Travelling with Kate Adie

We regularly organise tours accompanied by well-known figures to destinations in which they have particular expertise or a strong connection. In the past these have included Lord Hurd to Syria, Sandy Gall to Jordan and Roy Hattersley to India. Business Resources Manager Jessica Cater travelled with a group of Cox & Kings clients to Libya, accompanied by Kate Adie, in October last year. Greenbee Specialist Travel is offering another tour of Libya led by Kate Adie this September.

Travelling with Kate Adie wasn’t something I ever thought I would have an opportunity to do, so when I was asked to join the group that she was leading to Libya in October 2006, I jumped at the chance.

On reflection, I did begin to wonder what I had let myself in for. We all remember Kate’s calm, collected reporting from various trouble spots around the world during the 80s and 90s and I was sure her talks throughout the tour would be fascinating, but what would it be like spending time with someone with such an impressive reputation? My answer came the moment I met Kate, who was completely charming, and full of such a wealth of fascinating stories that it was impossible not to enjoy her company. On the first morning of the tour, watching the group absolutely captivated by her while we were waiting for our coach, I realised I could relax.

Our tour was short, only 7 nights, but thanks to the FCO having lifted their ban on using domestic flights within Libya, we were able to take in both Tripoli, our base for visiting Sabratha and Leptis Magna, and Benghazi from where we travelled to Apollonia and visited Cyrene and Ptolmais. Our first excursion was to Sabratha and when someone asked Kate if she had visited the site before, her answer threw a new perspective on things. This was one of the places that the journalists visiting Tripoli in the 80s and 90s had been taken when their ‘minders’ wanted them out of the city.
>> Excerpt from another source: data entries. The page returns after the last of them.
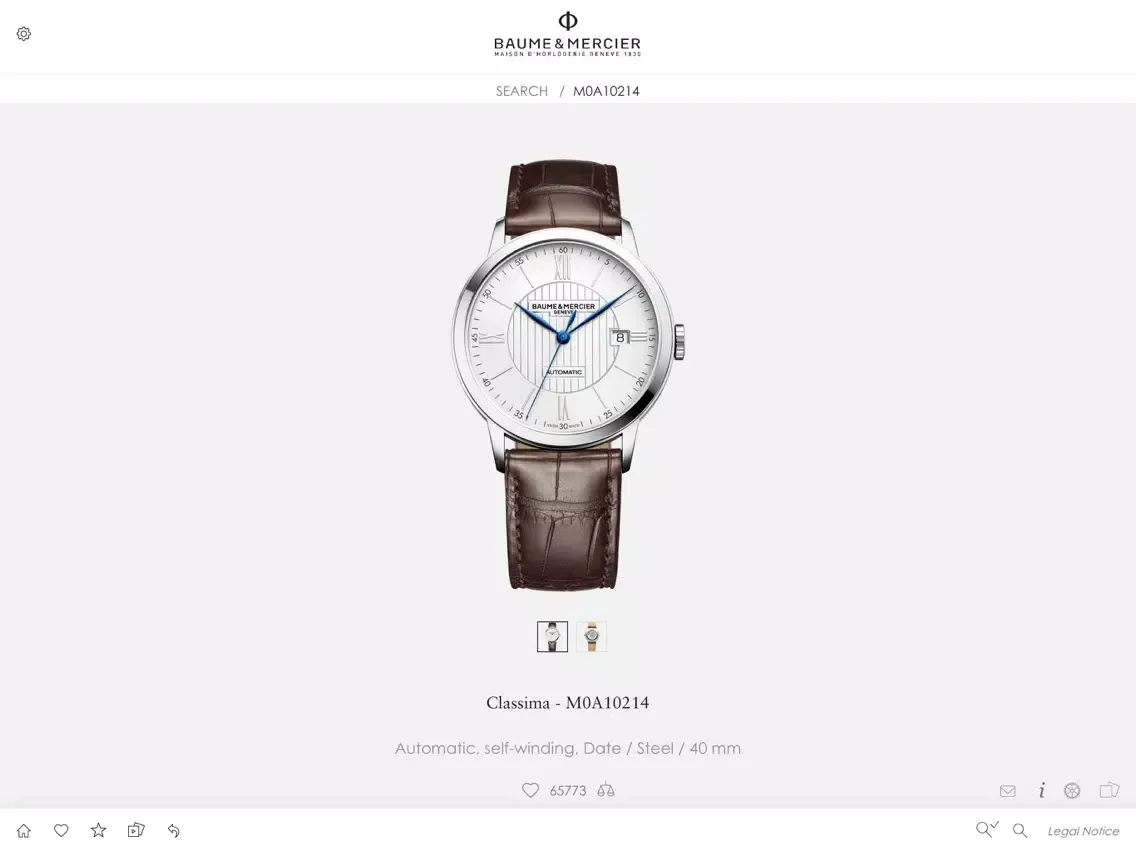 Captures d'écran de Baume & Mercier - eCatalogue iPad 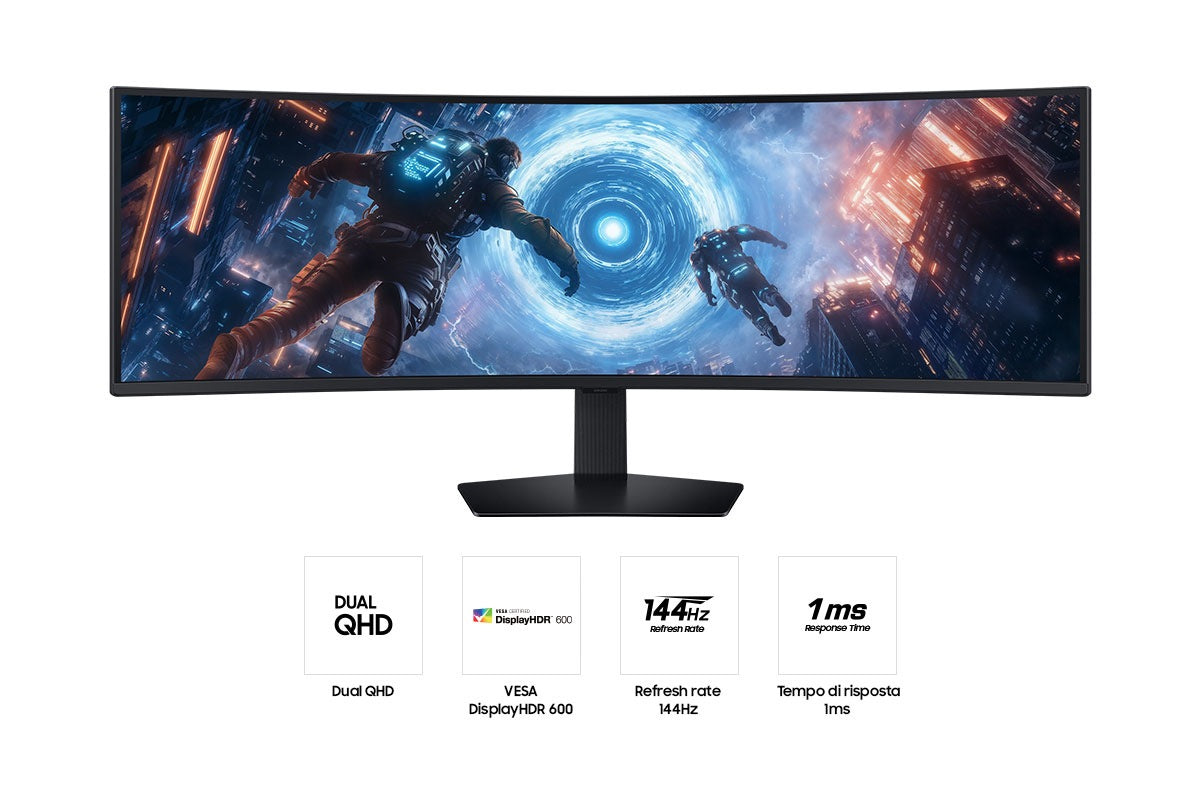 Samsung S49FG912EU computer monitor 124.5 cm (49") 5120 x 1440 pixels Dual QHD LCD Black (LS49FG912EUXEN)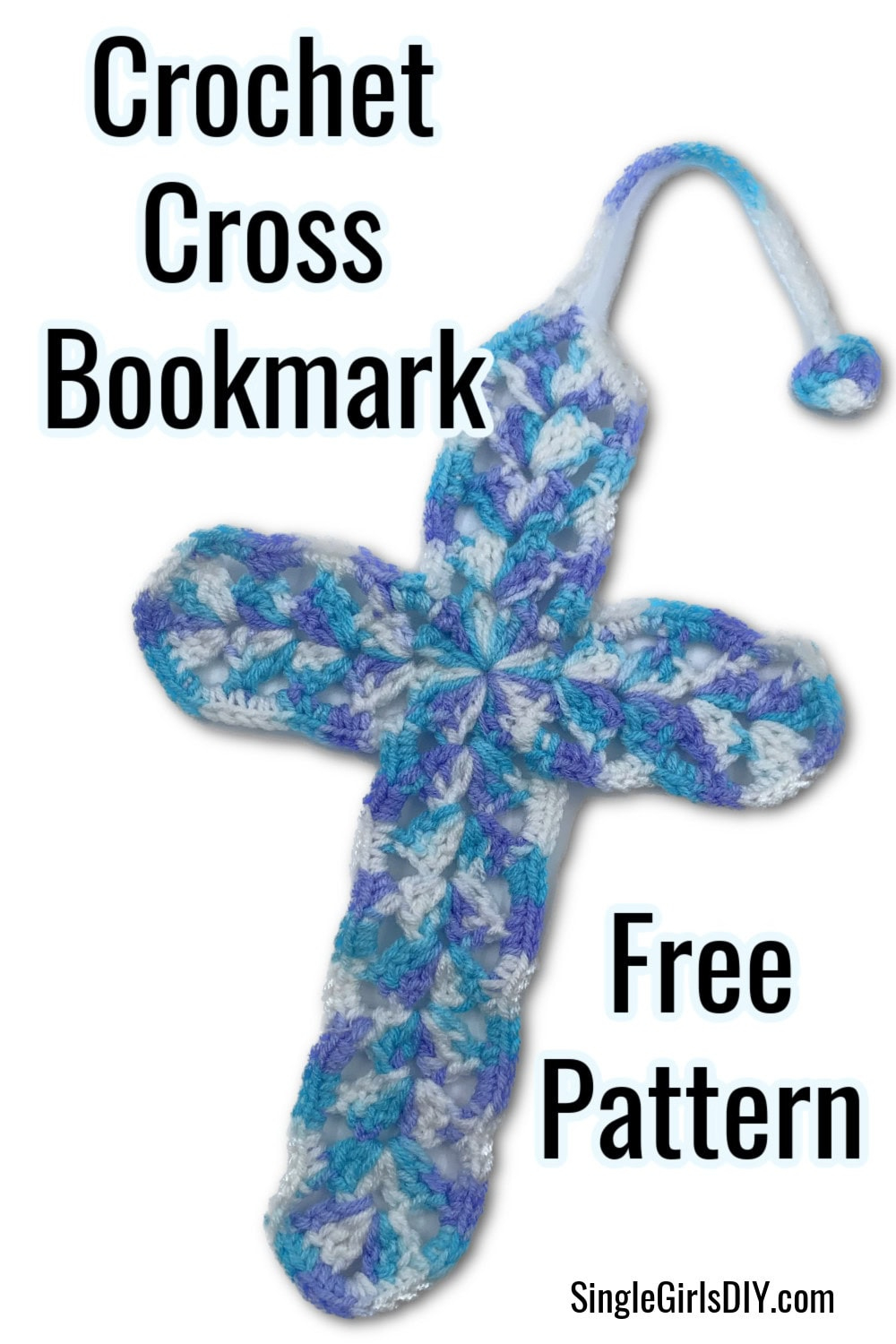 Free Cross Bookmark Crochet Pattern - Single Girl&amp;#039;S Diy within Beginner Free Printable Crochet Cross Bookmark Patterns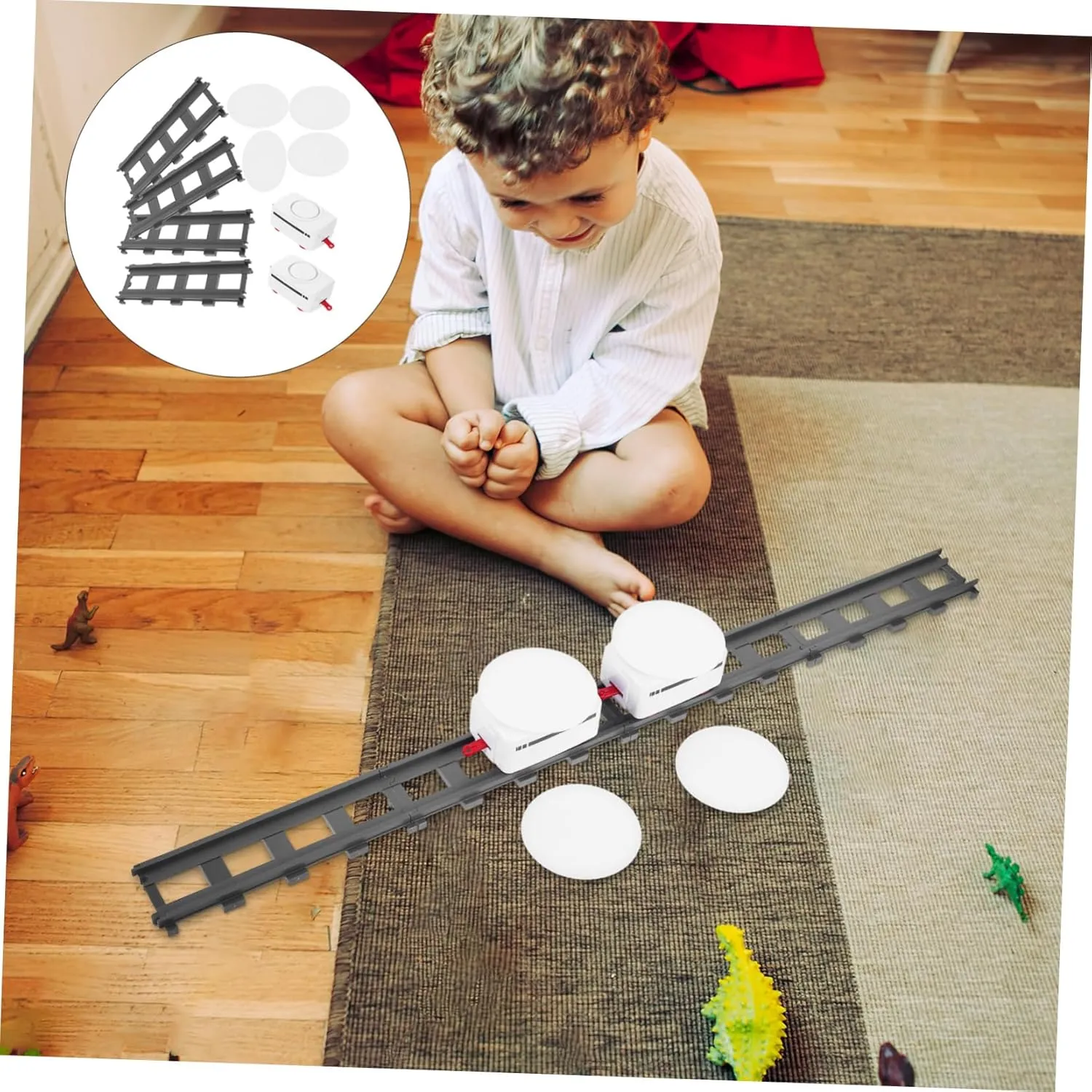 Plaything for Creative Making IMIKEYA 3sets Electric Rotating Sushi Machine perquisite stardom Set Train and Track Fun Sushi Toys for Boys and Girls for Imaginative Play Battery-Powered Household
The journalists all knew that when they returned something significant would have taken place in their absence.

Back at the Corinthia Hotel, we had had something significant to look forward to as well - the first talk by Kate. It was fairly informal and we had the opportunity to ask questions before going to dinner together. Our excursions focussed on the classical world, and without Kate’s input it would have been easy to lose sight of the modern country we were visiting. Hearing her describe what Tripoli had been like in the immediate aftermath of the American bombings certainly made me regard the place with fresh eyes when we drove to the airport the next morning for our flight to Benghazi. It’s an unusual experience to drive past Colonel Gadaffi’s home knowing that you are in the company of someone who has visited him there.

This was my first trip to Libya, and it is a beautiful, welcoming country, full of fascinating sites and friendly people, but my experience of the country was enhanced by Kate’s involvement. Not only her talks, but her stories and comments as we visited the different sites, chatted at dinner or mulled over the previous day’s events at breakfast made me think much more carefully about the place I was in, and added an extra dimension to my visit. I feel very fortunate to have had the opportunity to spend time with her, and given the chance I would eagerly join another expert led tour with a great deal of excitement and no apprehension at all.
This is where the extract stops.